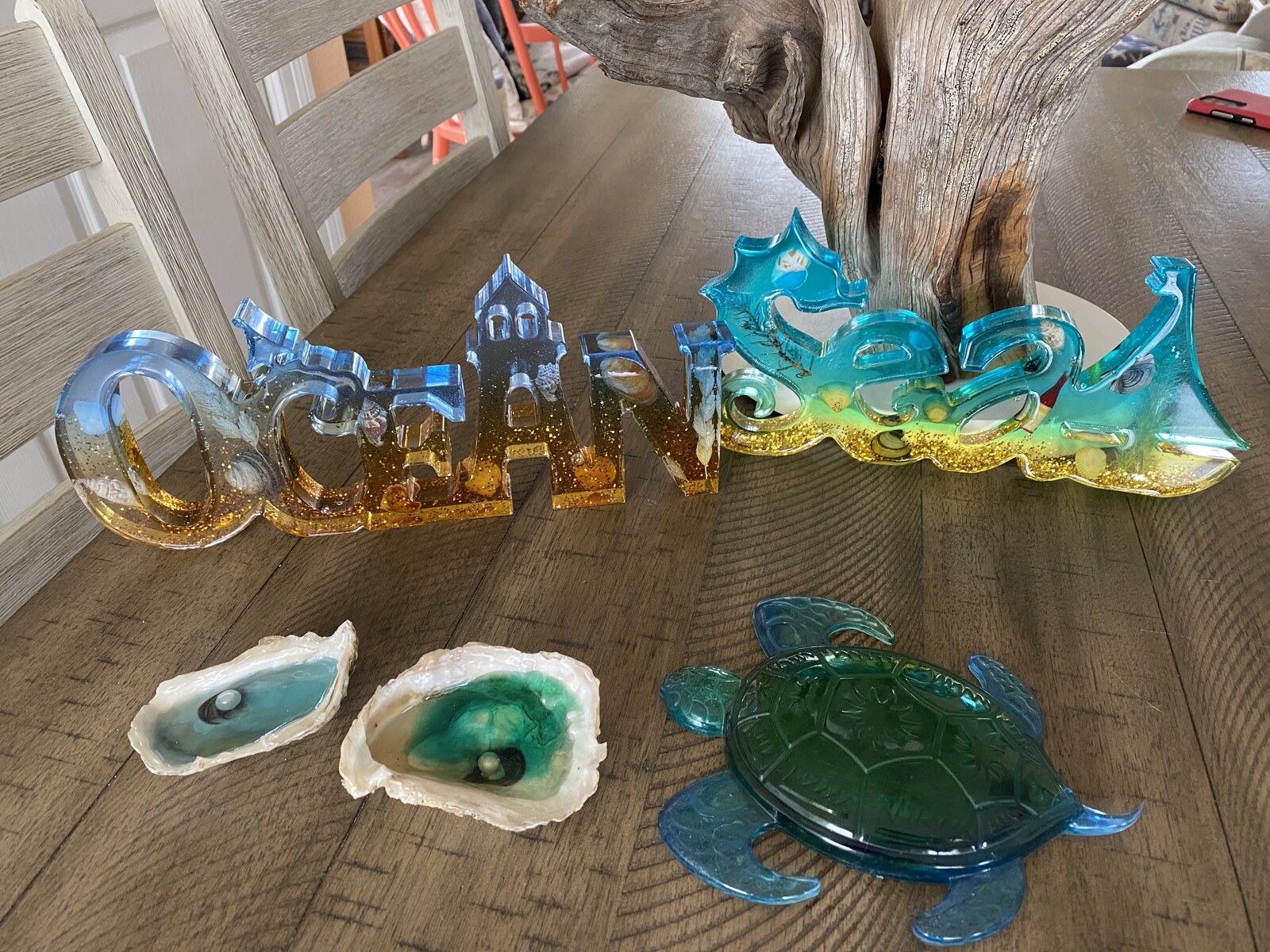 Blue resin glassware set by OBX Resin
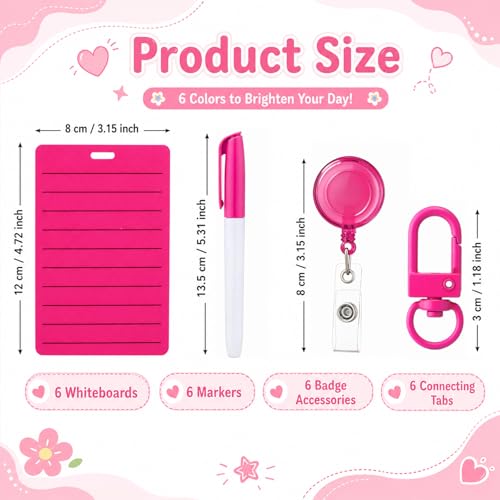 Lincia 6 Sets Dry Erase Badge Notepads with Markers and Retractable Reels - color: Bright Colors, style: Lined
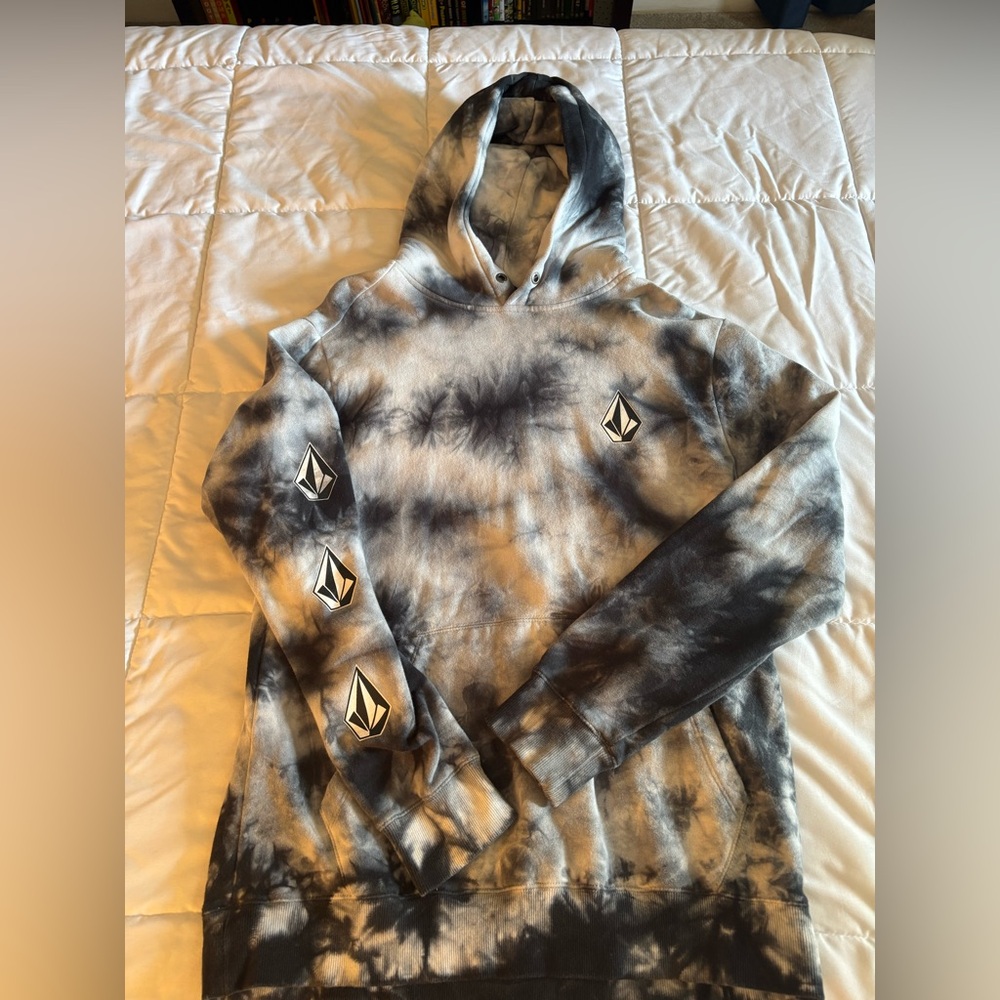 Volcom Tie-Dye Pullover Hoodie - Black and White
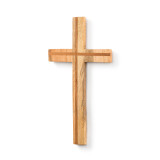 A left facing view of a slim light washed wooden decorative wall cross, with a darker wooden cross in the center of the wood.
----------
WORK INSTRUCTIONS:
What is needed is a word-for-word restatement of the lines from the one holding "Lincia 6 Sets" to the final line of the data above, inclusive, without any pictures.

SOLVED PROBLEM:
 Lincia 6 Sets Dry Erase Badge Notepads with Markers and Retractable Reels - color: Bright Colors, style: Lined
 Volcom Tie-Dye Pullover Hoodie - Black and White
 A left facing view of a slim light washed wooden decorative wall cross, with a darker wooden cross in the center of the wood.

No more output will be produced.